DEERFIELD BEACH, Fla - Bank of America, Chase, and other huge banks have stopped foreclosures due to potential problems with paperwork.

Now, a South Florida law firm says it has hundreds of cases in Palm Beach County that prove some of those banks may have been committing a crime.

The law firm calls them "robo signers," people who rushed faulty foreclosure paperwork through the court system.

Within a tower of foreclosure depositions shown at the Ticktin Law Group’s Deerfield Beach office, senior legal counsel Peter Ticktin says the group has discovered the groundwork of an illegal home foreclosure system.

Ticktin said, "It's massive, it's criminal, it's wrong and it's proven with what lawyers call a mountain of evidence."

That evidence, according Ticktin, includes incorrect foreclosure paperwork pushed through by all types of banks.

Ticktin says banks hired unqualified workers to complete crucial foreclosure affidavits, which are the official document used for a foreclosure hearing.

In many cases, Ticktin says banks purposely put wrong income information on those affidavits to rush foreclosures through.

Meanwhile, CNBC runs a piece from a senior editor warning Americans not to "lionize" these anti-foreclosure "deadbeats":

The typical person who is fighting foreclosure on “show me the note” grounds is someone who has stopped making payments on their mortgage but refuses to surrender their house to the bank. Some of them may not even be suffering from financial hardship—other than having taken on debt that they cannot afford.

Earlier this week, CNN Money told the tale of a woman from Wappinger Falls, New York named Replique D'Amelio. She owes just under $400,000 on her mortgage, which is currently underwater. Even at the height of the housing boom, however, $400,000 would have bought you a very nice place in Wappinger Falls.

CitiMortgage modified D’Amelio’s mortgage but she defaulted anyway.

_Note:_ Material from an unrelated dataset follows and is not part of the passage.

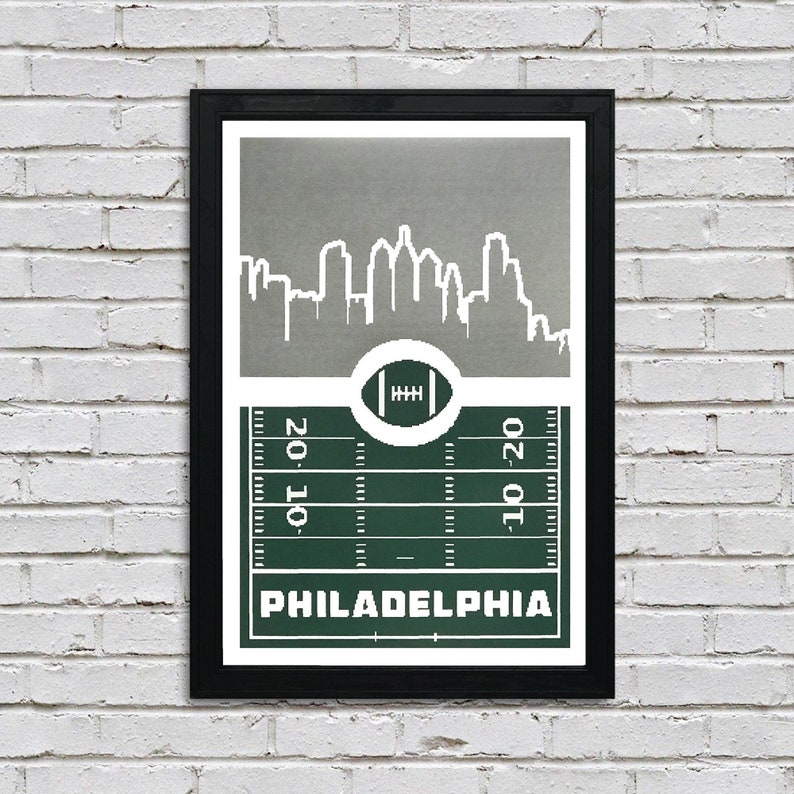 May include: A green and gray print featuring a stylized cityscape of Philadelphia, Pennsylvania, with a football field and a football in the center. The text "PHILADELPHIA" is printed below the field.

Now she claims that Citi cannot foreclose upon her because Fannie Mae is the owner of her mortgage. Her lawyer argues that the mortgage was improperly assigned to Citi, and is contesting the foreclosure on those grounds.

Let’s grant D’Amelio not only the facts but also her interpretation of foreclosure law. Perhaps Citi, which purchased the mortgage in late 2006 and sold it to Fannie Mae in early 2007, shouldn’t be able to foreclose. Maybe the MERS system somehow vitiated any security interest attached to her house through the mortgage.

This doesn’t change the fact that D’Amelio is attempting to stay in a house while reneging on her obligation to repay the loan she used to buy the home. The fact that her mortgage is owned by Fannie Mae actually makes her default uglier. Her refusal or inability to pay is inflicting losses on a mortgage company that is owned by the government and funded by tax-payers.

As Atrios says, "I really don't get the complete lack of concern for property rights". (Although I think he would, if he thought a little harder.)

If Citi doesn't own the mortgage then the woman doesn't owe them any money. If Citi doesn't own the mortgage then it isn't the case that "perhaps" they shouldn't foreclose on her, it's the case that they have no legal right to foreclosure. Citi can't just take possesion of a house, or decide someone owes them money, just because they say so.

And, yes, maybe one day Fannie will get around to a foreclosure process, but Citi cannot just assert control of the mortgage and the property on their say so.

...adding, the view just seems to be "well, she deserves to lose her house so it doesn't really matter who takes it from her."